Office rents in Hong Kong’s Central district are expected to rise faster in the second quarter of the year, according to analysts, a reversal of a multi-year slump that began in the second half of 2019.

The latest forecast was made by US bank Citi, which said premium offices in the city’s main business zone had seen rents rise 1.7 per cent from a trough in October, with room for further increments between the second half this year and 2027.

“Lease negotiation dynamics had started to favour landlords since the fourth quarter of 2025 and strengthening into 2026,” Citi property analysts Griffin Chan and Cindy Li said in a report released on Wednesday.
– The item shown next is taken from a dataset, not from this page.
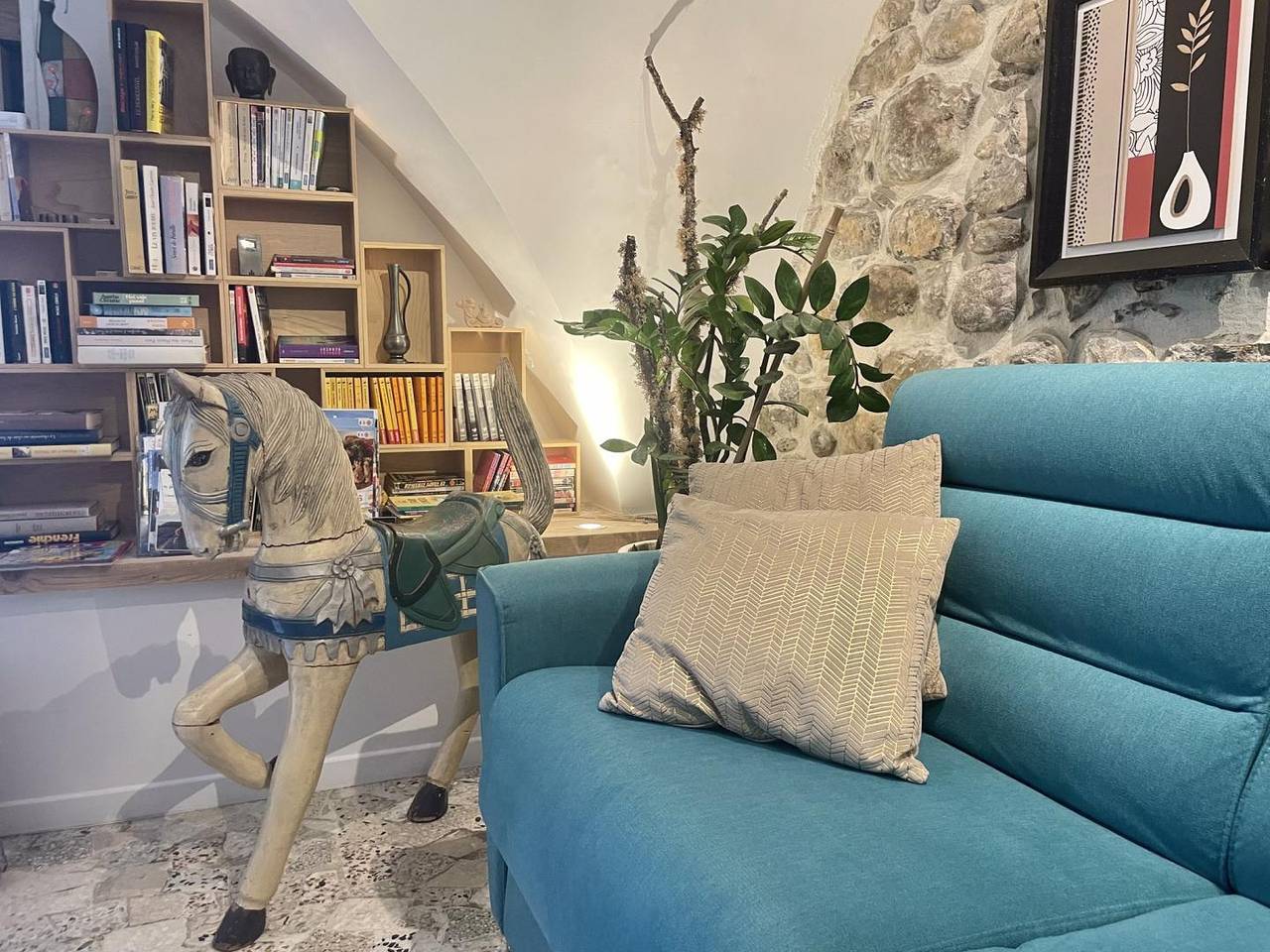 Gîte für 2 Personen mit Garten in Lagrand, Gap und Umgebung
The rental improvements would be spurred by broader capital inflows into Hong Kong, capital market activity and overseas expansion of Chinese corporates, they said.

Stronger demand has reduced grade-A vacancy rates in Central to a four-year low of 9.6 per cent.

Central is not alone in logging gains, with Admiralty absorbing demand outflow from the city’s main business district, while West Kowloon has also seen robust take-ups in rents.

JPMorgan Chase and Banco Santander were among the latest clients attracted to West Kowloon. In March, JPMorgan committed to leasing about 250,000 sq ft for 10 years at Artist Square Towers (AST), making it the anchor tenant of the 700,000 sq ft mixed-use development by Sun Hung Kai Properties (SHKP).